Until 2015, there was a ban by the Federal Aviation Administration (FAA) in the use of magnesium in aviation due to safety concerns stemming from the ignition susceptibilities of magnesium. However, as of today, Elektron® 43 (WE43) and Elektron® 21 (E21) are the only magnesium alloys that have met the cited performance requirements by passing extensive flammability tests conducted by the FAA, including seven full-scale aircraft interior tests [5]. These alloys are heavily rare earth dominated with elements such as Neodymium, Gadolinium, and other elements such as Zinc and Zirconium. These added alloying elements either dissolve in the matrix or form secondary phases with Mg, which play an extremely influential role in deciding the performance of the alloy [6,7]. With the above mentioned combination of elements, magnesium offers a combination of good castability, mechanical properties, and corrosion resistance and, hence, can be rendered useful in both civil and military aircraft and also in the automobile (motorsport) industry [8,9]. To extend their applications to other aircraft components apart from seat frames, such as gearbox housing casings, etc., improvement of strength and high temperature properties such as ignition resistance is crucial [10]. Addition of ceramic and metallic particulates as reinforcements is one of the methods to improve magnesium’s property profile and performance, especially high temperature properties due to their thermal stabilities [11,12]. B4C nanoparticles were demonstrated to be promising as reinforcements owing to their role in improving the strengths of magnesium [13]. Boron carbide is the third hardest material known to man, after diamond and cubic boron nitride, and thus the addition of boron carbide would significantly influence the properties of magnesium, which is an inherently softer matrix. Further, addition of boron carbide to a matrix with secondary phases would change the distribution of secondary phases. This is because of the difference in the sizes of the nanoparticles and the secondary phases leading to an inhomogeneity in the processing of the materials [14]. Hence, this work is aimed at understanding the influence of boron carbide on the property profile of the E21 magnesium alloy.

2. Materials and Methods

2.1. Primary Processing

E21 alloy and E21-B4C (1.5 and 2.5 wt.%) nanocomposites were synthesized utilizing disintegrated melt deposition technique (DMD) [15]. E21 alloy procured in the form of chunks from Luxfer MEL Technologies (formerly known as Magnesium Elektron) and B4C nanoparticles of ∼50 nm size procured from Nabond, Hong Kong, were added in sandwich fashion and superheated to 750 °C, under an inert argon gas atmosphere, within a graphite crucible using a resistance heating furnace. The crucible was equipped with a plug and nozzle for bottom pouring. Upon reaching the temperature (750 °C), the melt was stirred at 450 rpm for 5 min utilizing a stirrer coated with ZIRTEX 25 to avoid iron contamination. After stirring, the plug of the crucible was pulled, and the molten metal was down poured into the mold. Before entering the mold, the molten metal was disintegrated by two jets of argon gas, with a flow rate maintained at 25 lpm. Following solidification, an ingot of 40 mm diameter was obtained. Three materials were cast in total: (i) Elektron 21 alloy; (ii) Elektron 21 with B4C nanoparticles of approximately 50 nm added at 1.5 wt.%; and (iii) 2.5 wt.%, respectively, using this method. The composition of the final materials is given in Table 1.

2.2. Secondary Processing

The ingots were machined to billets with a length of 50 mm before they were sent to the extrusion process. The billets were soaked for an hour at 450 °C and extruded at 400 °C at a 20.25:1 extrusion ratio to obtain rods of 8 mm diameter.

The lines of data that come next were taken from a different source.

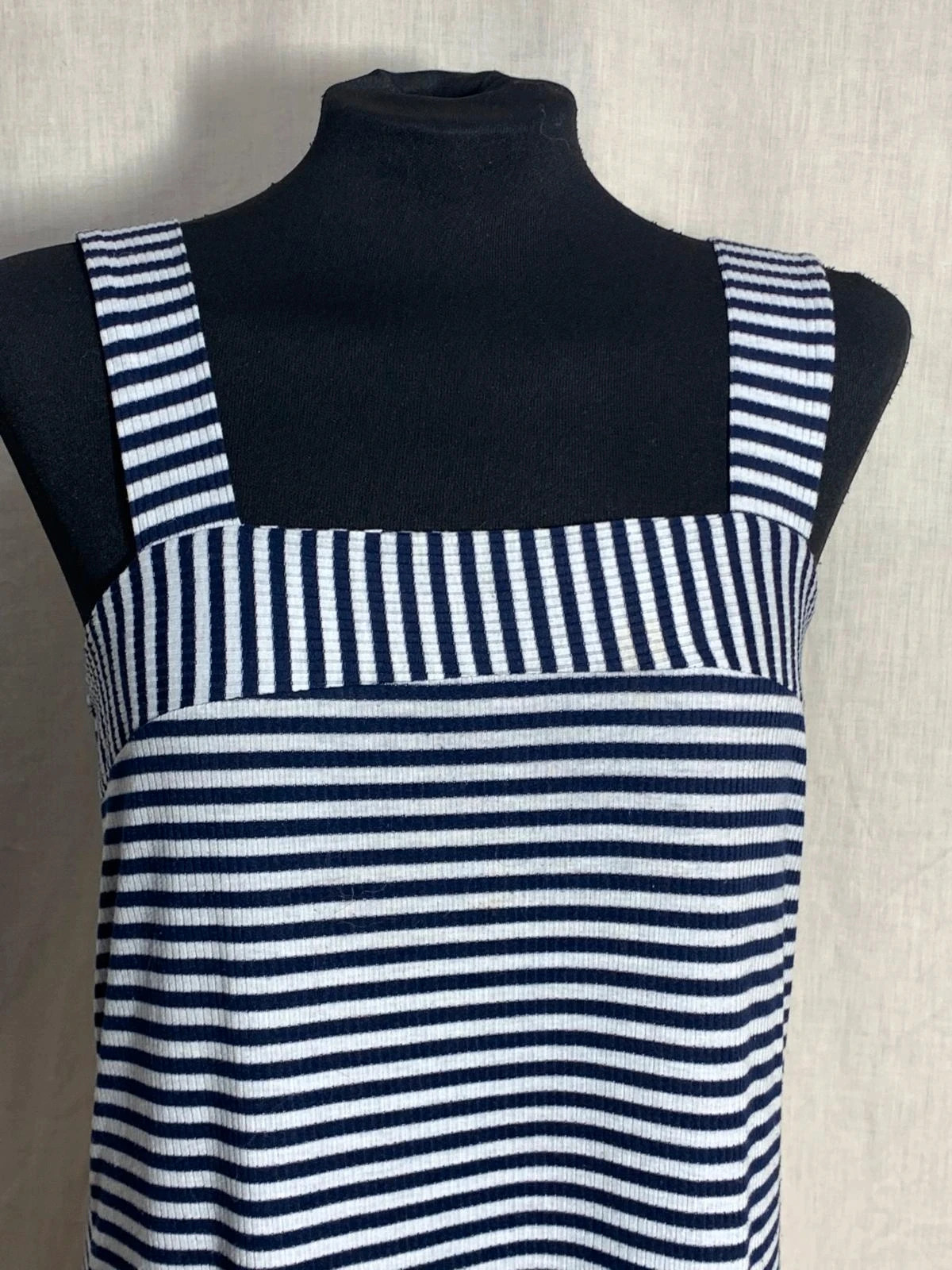 Vestido largo de tirantes a rayas | Striped maxi dress | Encuentro – Encuentro – taille M / 38 / 10 5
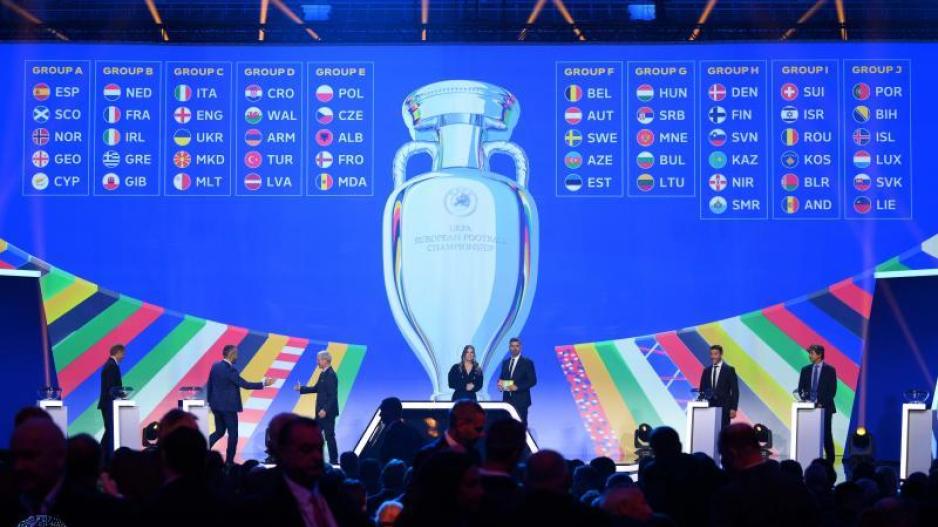 EURO 2024: 53 ομάδες στον δρόμο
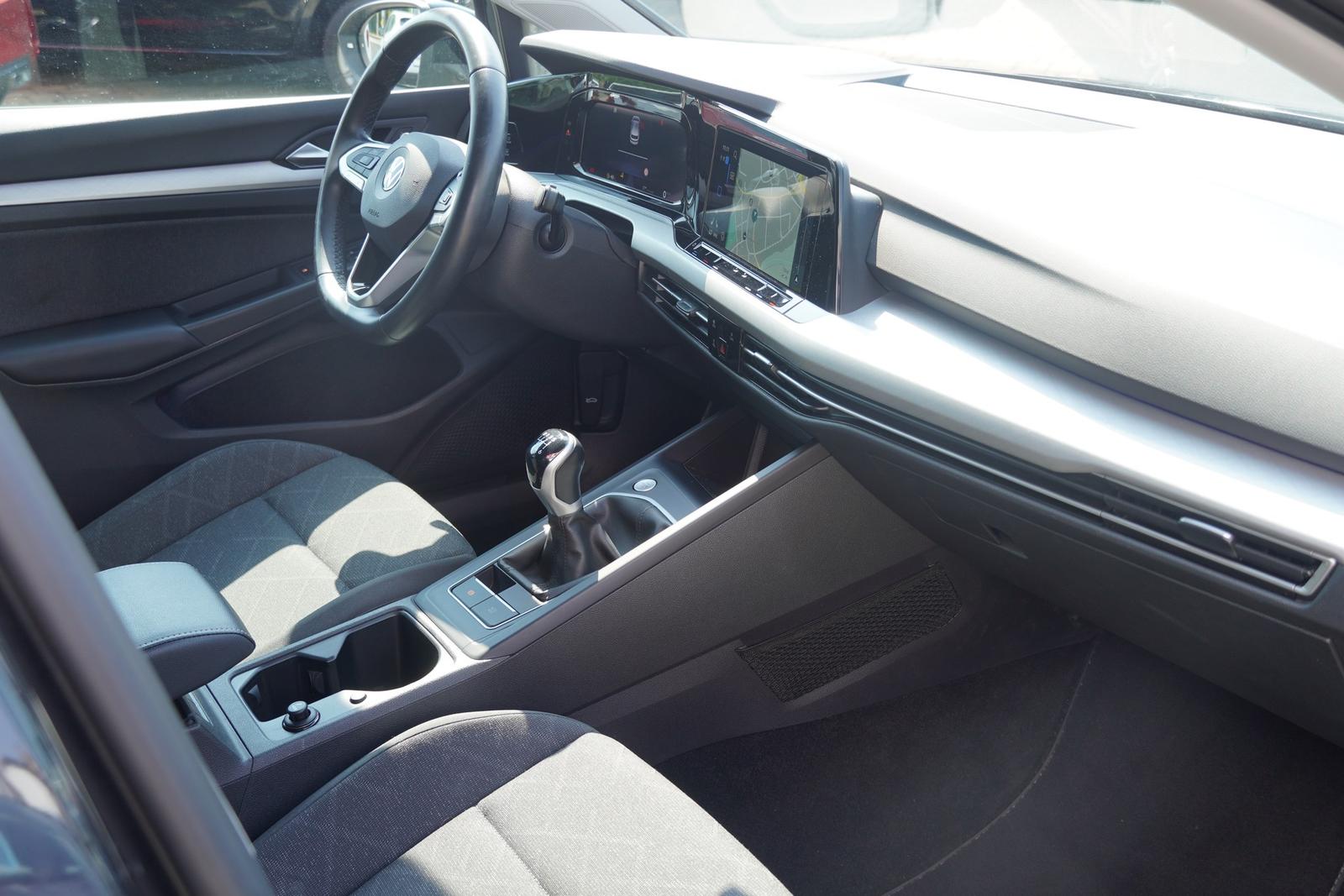 Volkswagen Golf VIII 1.5 TSI Life LED Navi Kamera DAB, миниатюра 13
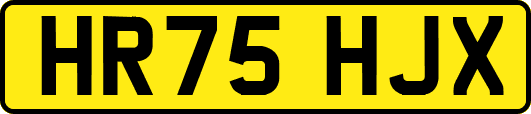 HR75HJX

2.3. Testing and Characterization

2.3.1. Density and Porosity Measurements

Using the rule of mixtures, the theoretical densities of the synthesized Mg materials were calculated [16]. Experimental densities of the materials were calculated using the gas pycnometer. The samples were placed in the gas pycnometer and sealed. Helium gas was then released into the chamber to measure the samples’ experimental density. The porosity of the samples was calculated using the theoretical and experimental densities, under the presumption that the differential value arising between the theoretical and experimental densities is due to the porosity entrapped in the materials. The formula used to calculate the porosity is given below:
P =     ρ t h ρ e ρ t h ρ a i r × 100 ,
where P represents the porosity (in%), ρ represents density (g/cc), ‘th’ represents theoretical, and ‘e’ represents experimental.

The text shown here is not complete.